MBMethPred is a user-friendly package developed for the accurate prediction of medulloblastoma subgroups using DNA methylation beta values. It incorporates seven machine learning models, including Random Forest, K-Nearest Neighbors, Support Vector Machine, Linear Discriminant Analysis, Extreme Gradient Boosting, Naive Bayes, and a neural network model specifically designed for the complexities of medulloblastoma data. The package provides streamlined workflows for data preprocessing, feature selection, model training, cross-validation, and prediction. This vignette offers detailed explanations, examples, and resulting outputs for each functionality. The MBMethPred package was tested on an Ubuntu machine equipped with an Intel Core i5-6200U processor and 16GB RAM.
The ReadMethylFile
is a function for reading DNA
methylation beta values files and use them as new data for prediction by
every model. The input for this function should be either CSV or TSV
file format. Please uncomment the following lines and run the
function.
# set.seed(1234)
# fac <- ncol(Data1)
# NewData <- sample(data.frame(t(Data1[,-fac])),10)
# NewData <- cbind(rownames(NewData), NewData)
# colnames(NewData)[1] <- "ID"
# write.csv(NewData, "NewData.csv", quote = FALSE, row.names = FALSE)
# methyl <- ReadMethylFile(File = "NewData.csv")
This function has only one argument, the File. The first column of the File is the CpG methylation probe that starts with cg characters and is followed by a number (e.g., cg100091). Other columns are samples with methylation beta values. All columns in the data frame should have a name.
The BoxPlot
function draws a box plot out of DNA
methylation beta values or other data frames.
The TSNEPlot
function draws a 3D t-SNE plot for DNA
methylation dataset using the K-means clustering technique. This
function has two arguments File
(any matrices) and
NCluster
( number of clusters for K-Means clustering).
Using ReadSNFData
function, one can read files (any
matrices with CSV or TSV format) and feed them into the similarity
network fusion (SNF) function (from the SNFtools package). Please
uncomment the following lines and run the function.

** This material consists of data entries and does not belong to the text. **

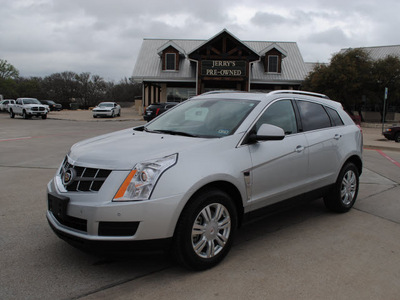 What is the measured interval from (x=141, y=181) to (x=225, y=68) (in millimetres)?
28743

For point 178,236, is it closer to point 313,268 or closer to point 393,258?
point 313,268

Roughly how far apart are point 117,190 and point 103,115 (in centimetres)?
3434

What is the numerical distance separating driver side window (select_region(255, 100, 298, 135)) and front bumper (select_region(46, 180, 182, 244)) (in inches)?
64.4

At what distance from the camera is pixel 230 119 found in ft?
13.3

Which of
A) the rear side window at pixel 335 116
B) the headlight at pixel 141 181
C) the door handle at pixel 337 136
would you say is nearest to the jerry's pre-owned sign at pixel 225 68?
the rear side window at pixel 335 116

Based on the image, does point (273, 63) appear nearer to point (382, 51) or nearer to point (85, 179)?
point (382, 51)

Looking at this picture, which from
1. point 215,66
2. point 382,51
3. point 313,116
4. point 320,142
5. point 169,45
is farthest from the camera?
point 382,51

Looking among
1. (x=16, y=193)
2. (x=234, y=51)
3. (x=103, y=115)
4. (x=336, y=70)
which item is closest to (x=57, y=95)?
(x=103, y=115)

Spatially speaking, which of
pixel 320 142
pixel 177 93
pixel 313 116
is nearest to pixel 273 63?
pixel 177 93

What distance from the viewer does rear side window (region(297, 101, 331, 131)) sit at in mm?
4682

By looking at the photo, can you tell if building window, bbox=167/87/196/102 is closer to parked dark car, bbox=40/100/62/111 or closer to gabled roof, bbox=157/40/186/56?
gabled roof, bbox=157/40/186/56

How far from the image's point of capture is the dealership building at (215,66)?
30.7 metres

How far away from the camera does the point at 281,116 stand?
440 cm

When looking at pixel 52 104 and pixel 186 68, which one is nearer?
pixel 186 68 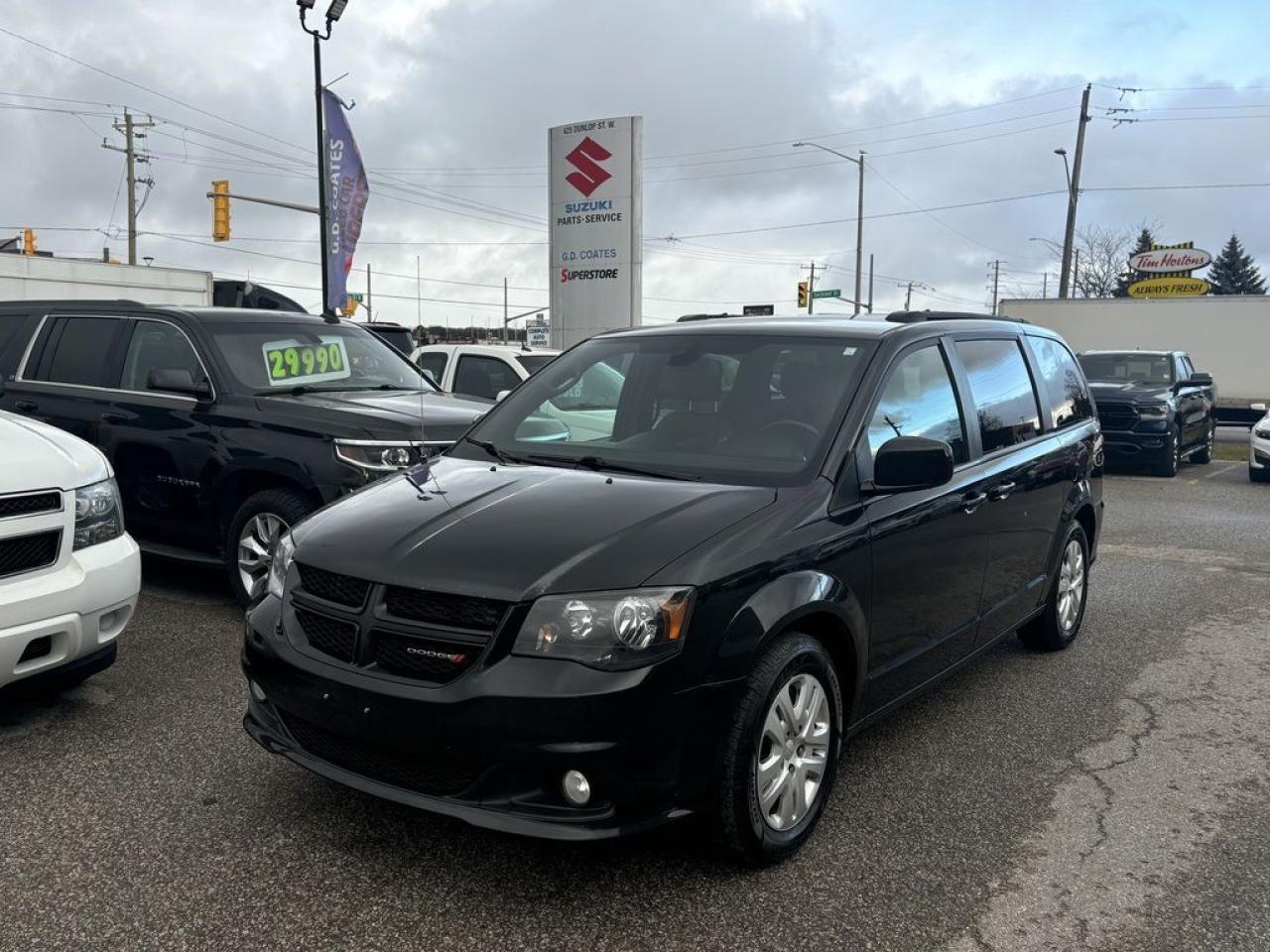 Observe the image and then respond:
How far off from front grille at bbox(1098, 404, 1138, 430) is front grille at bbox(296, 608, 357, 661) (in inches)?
542

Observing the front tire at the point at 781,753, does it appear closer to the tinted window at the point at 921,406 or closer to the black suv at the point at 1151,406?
the tinted window at the point at 921,406

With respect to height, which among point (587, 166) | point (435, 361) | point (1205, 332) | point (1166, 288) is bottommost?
point (435, 361)

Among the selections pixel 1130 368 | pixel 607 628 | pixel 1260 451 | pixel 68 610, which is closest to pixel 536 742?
pixel 607 628

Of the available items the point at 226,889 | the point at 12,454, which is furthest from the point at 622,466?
the point at 12,454

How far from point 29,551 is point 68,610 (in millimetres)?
262

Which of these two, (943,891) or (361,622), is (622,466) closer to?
(361,622)

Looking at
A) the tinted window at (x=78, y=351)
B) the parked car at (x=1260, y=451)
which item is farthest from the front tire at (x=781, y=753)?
the parked car at (x=1260, y=451)

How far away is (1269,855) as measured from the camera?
11.2 feet

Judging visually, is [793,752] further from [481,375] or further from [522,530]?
[481,375]

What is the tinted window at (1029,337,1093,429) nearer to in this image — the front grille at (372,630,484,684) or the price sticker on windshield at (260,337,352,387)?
the front grille at (372,630,484,684)

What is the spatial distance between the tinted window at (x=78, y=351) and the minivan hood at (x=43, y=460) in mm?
2235

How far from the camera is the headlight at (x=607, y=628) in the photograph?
282cm

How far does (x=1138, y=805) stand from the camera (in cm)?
378

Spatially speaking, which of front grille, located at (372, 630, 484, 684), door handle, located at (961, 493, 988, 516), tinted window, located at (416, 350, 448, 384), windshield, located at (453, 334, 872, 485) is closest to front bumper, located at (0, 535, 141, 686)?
windshield, located at (453, 334, 872, 485)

The SimilarityNetworkFusion
is a function to perform SNF
function (from SNFtool package) and output clusters.
data(RLabels) # Real labels
data(Data2) # Methylation
data(Data3) # Gene expression
snf <- SimilarityNetworkFusion(Files = list(Data2, Data3),
NNeighbors = 13,
Sigma = 0.75,
NClusters = 4,
CLabels = c("Group4", "SHH", "WNT", "Group3"),
RLabels = RLabels,
Niterations = 60)
snf
#> [1] SHH Group3 Group4 Group4 Group4 SHH SHH Group3 Group4 SHH
#> [11] WNT SHH SHH WNT SHH WNT Group3 Group3 Group3 Group4
#> [21] Group4 Group3 Group3 Group3 Group4 Group4 Group4 Group3 Group3 SHH
#> [31] SHH SHH SHH SHH Group4 Group3 SHH Group4 Group4 Group3
#> [41] Group4 Group4 WNT Group3 Group4 Group4 Group4 Group4 SHH Group4
#> Levels: Group4 SHH WNT Group3
This function has several arguments as follow:
Files
A list of data frames created using the
ReadSNFData function.NNeighbors
The number of nearest neighbors.Sigma
The variance for local model.NClusters
The number of clusters.CLabels
A string vector to name the clusters.
Optional.RLabels
The actual label of samples to calculate the
Normalized Mutual Information (NMI) score. Optional.Niterations
The number of iterations for the diffusion
process.The SupportVectorMachineModel
is a function to train a
support vector machine model to classify medulloblastoma subgroups using
DNA methylation beta values (Illumina Infinium HumanMethylation450).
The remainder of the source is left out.